→ What needs to be done:
Make an exact copy of the records, and keep the pictures out of it.

Dataset records:
* * * * *

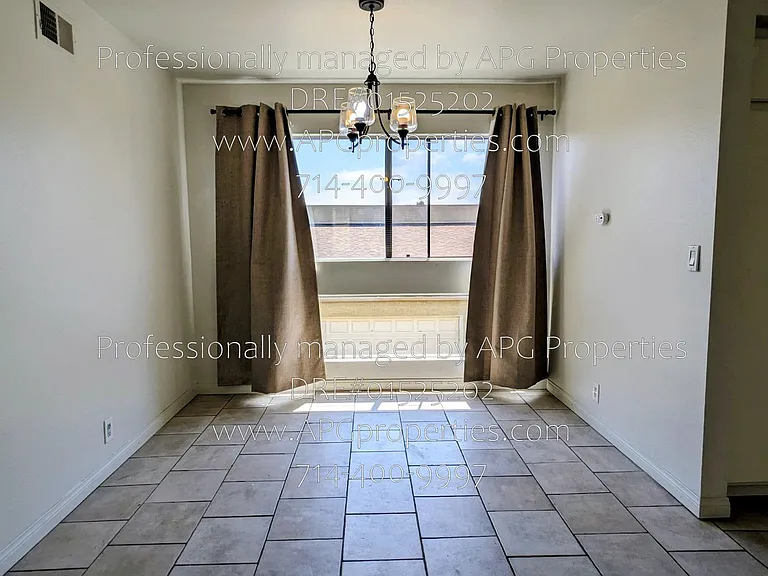 5477 Twin Lakes Dr — Photo 8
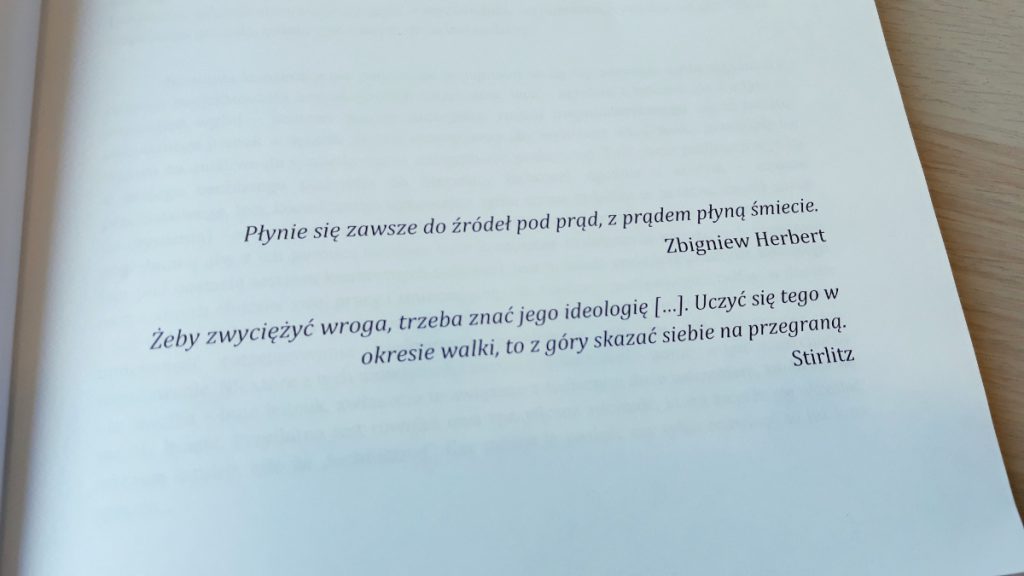 W stronę dronów - Michał Imiołek - recenzja książki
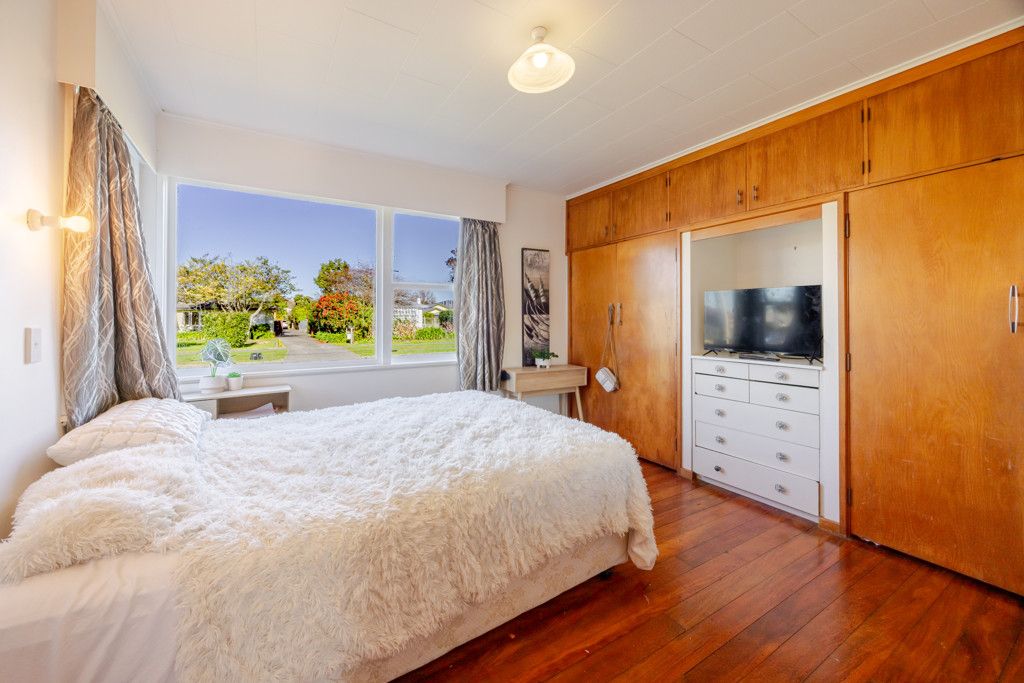 One Property, Multiple Dwellings on Offer - Więcej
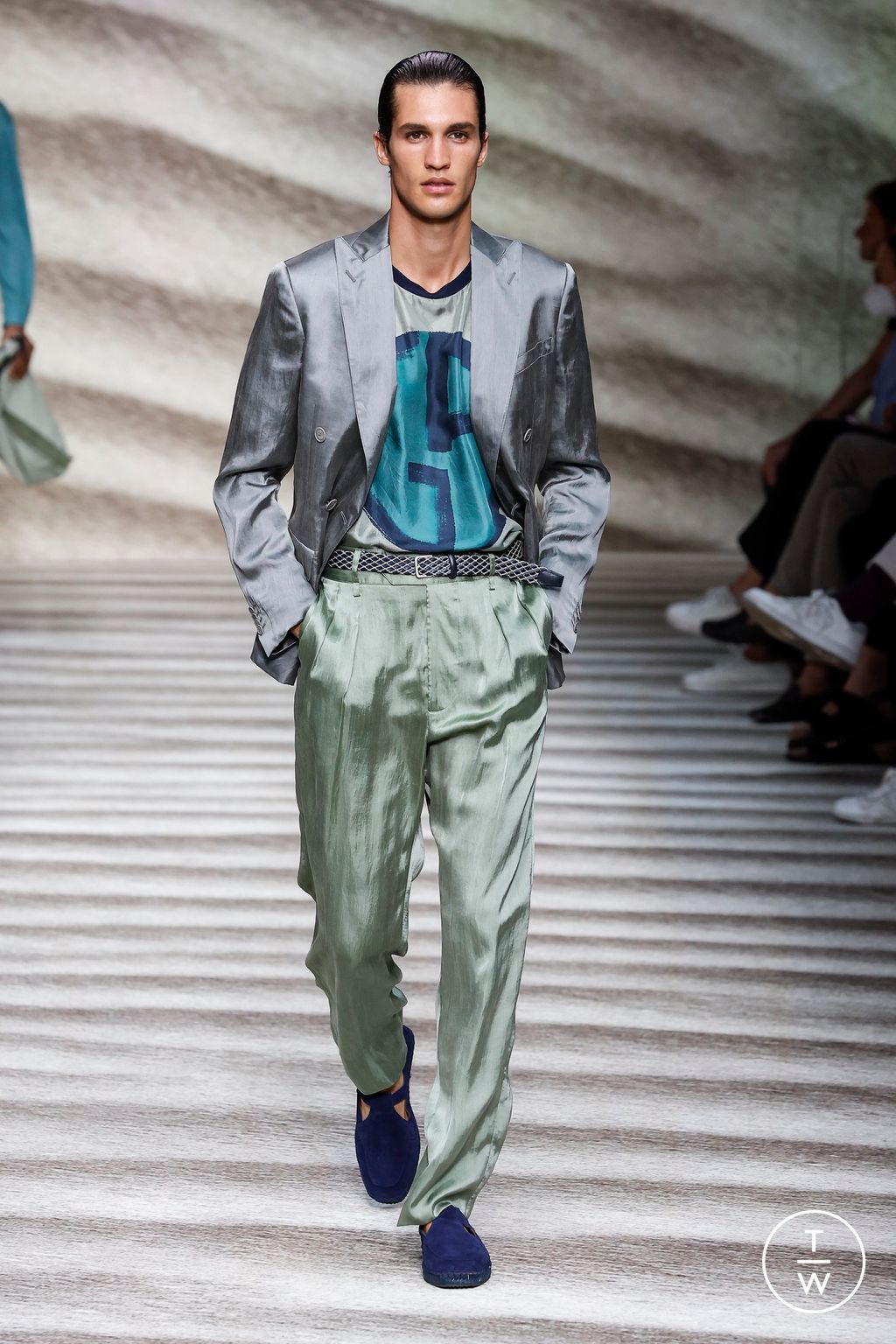 Fashion Week Milan Spring/Summer 2023 look 44 from the Giorgio Armani collection menswear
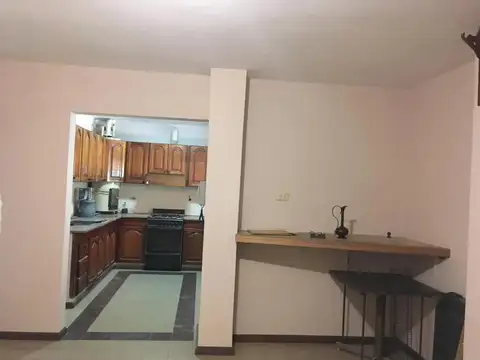 Casa 9 ambientes con 2 baños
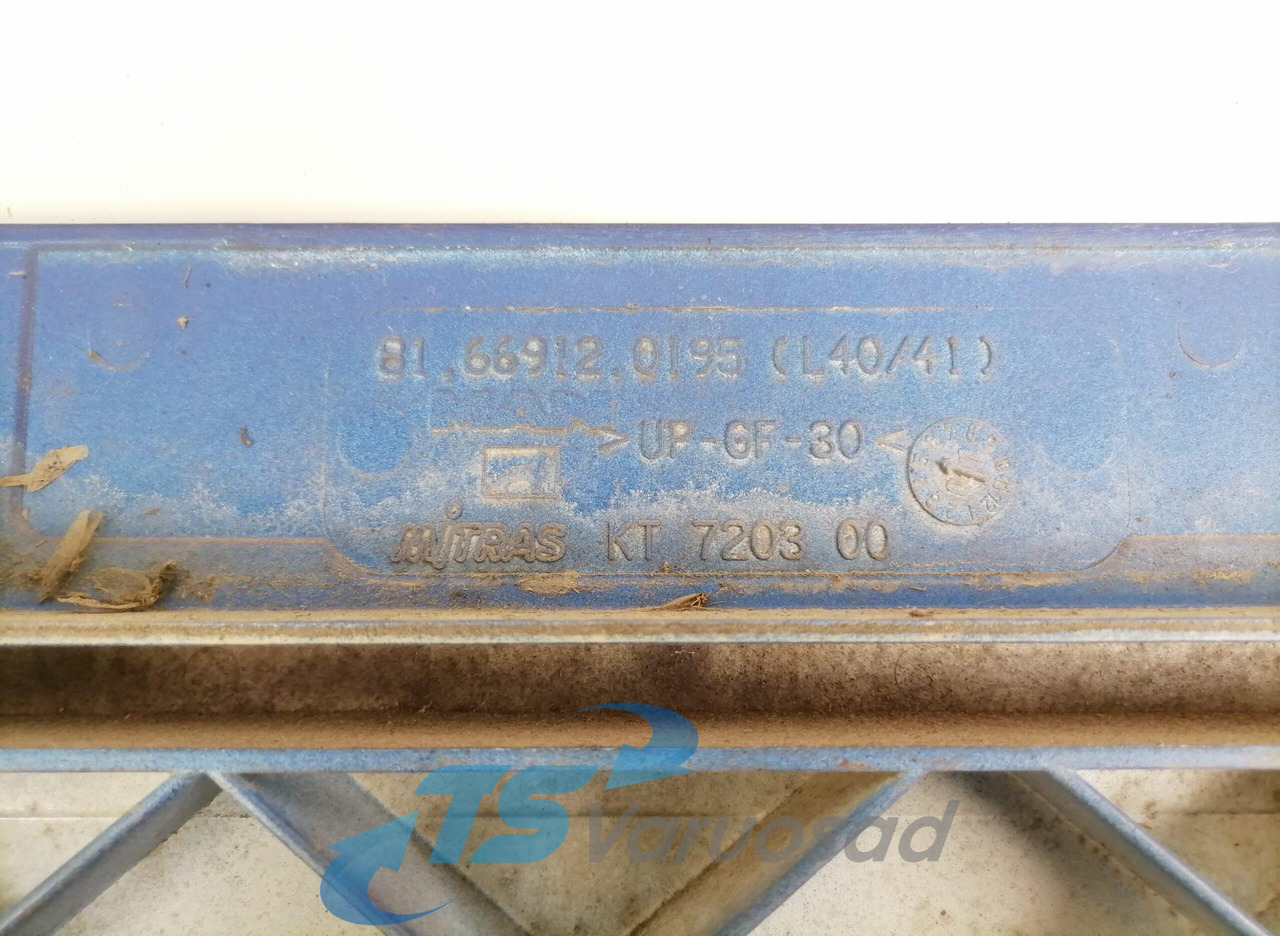 MAN Cab side door 81669120195 - Univerzalni deo za Kamion: slika 2 MAN Cab side door 81669120195 - Univerzalni deo za Kamion: slika 2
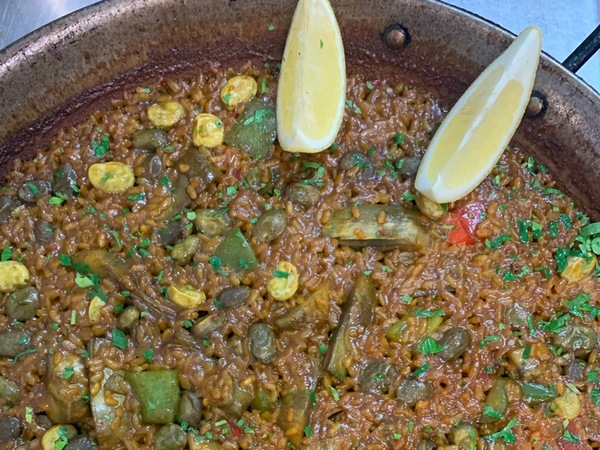 Paella de Alcachofas y Habitas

* * * * *

→ Result of this exercise:
 5477 Twin Lakes Dr — Photo 8
 W stronę dronów - Michał Imiołek - recenzja książki
 One Property, Multiple Dwellings on Offer - Więcej
 Fashion Week Milan Spring/Summer 2023 look 44 from the Giorgio Armani collection menswear
 Casa 9 ambientes con 2 baños
 MAN Cab side door 81669120195 - Univerzalni deo za Kamion: slika 2 MAN Cab side door 81669120195 - Univerzalni deo za Kamion: slika 2
 Paella de Alcachofas y Habitas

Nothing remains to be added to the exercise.